▶ [Exercise instructions] For the data below, give again exactly the lines from the one containing "나이키 에어로레이어 러닝 경량 다운 베스트 2473 상품이미지2" through the one containing "Snapshot of bluntbabe", both ends included, and no others.

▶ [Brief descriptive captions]
═══
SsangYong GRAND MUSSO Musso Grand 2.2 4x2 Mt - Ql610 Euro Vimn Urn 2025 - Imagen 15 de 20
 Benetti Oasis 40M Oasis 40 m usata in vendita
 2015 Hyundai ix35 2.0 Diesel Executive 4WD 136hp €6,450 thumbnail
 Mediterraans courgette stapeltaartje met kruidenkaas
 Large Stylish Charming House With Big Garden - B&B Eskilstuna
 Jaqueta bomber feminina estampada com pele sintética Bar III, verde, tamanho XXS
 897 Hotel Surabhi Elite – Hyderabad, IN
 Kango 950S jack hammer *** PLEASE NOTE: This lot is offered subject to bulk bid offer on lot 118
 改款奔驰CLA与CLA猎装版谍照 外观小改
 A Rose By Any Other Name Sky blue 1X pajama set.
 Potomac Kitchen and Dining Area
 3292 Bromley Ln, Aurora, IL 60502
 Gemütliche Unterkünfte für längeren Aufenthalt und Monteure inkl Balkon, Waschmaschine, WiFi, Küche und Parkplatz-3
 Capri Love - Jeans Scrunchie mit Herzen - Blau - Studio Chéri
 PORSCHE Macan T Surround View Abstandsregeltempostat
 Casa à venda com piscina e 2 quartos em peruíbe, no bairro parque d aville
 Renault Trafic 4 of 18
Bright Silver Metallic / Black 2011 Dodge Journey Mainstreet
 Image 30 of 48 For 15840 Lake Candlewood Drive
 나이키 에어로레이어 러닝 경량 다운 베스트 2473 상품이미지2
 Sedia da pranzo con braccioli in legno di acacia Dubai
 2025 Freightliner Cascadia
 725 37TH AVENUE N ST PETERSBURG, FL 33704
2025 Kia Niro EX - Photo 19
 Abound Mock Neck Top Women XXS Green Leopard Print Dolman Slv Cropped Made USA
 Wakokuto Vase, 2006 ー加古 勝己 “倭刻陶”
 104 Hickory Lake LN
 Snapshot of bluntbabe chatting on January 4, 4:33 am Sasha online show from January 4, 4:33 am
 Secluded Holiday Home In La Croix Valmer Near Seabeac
═══
▶ [Answer to the problem]
 나이키 에어로레이어 러닝 경량 다운 베스트 2473 상품이미지2
 Sedia da pranzo con braccioli in legno di acacia Dubai
 2025 Freightliner Cascadia
 725 37TH AVENUE N ST PETERSBURG, FL 33704
2025 Kia Niro EX - Photo 19
 Abound Mock Neck Top Women XXS Green Leopard Print Dolman Slv Cropped Made USA
 Wakokuto Vase, 2006 ー加古 勝己 “倭刻陶”
 104 Hickory Lake LN
 Snapshot of bluntbabe chatting on January 4, 4:33 am Sasha online show from January 4, 4:33 am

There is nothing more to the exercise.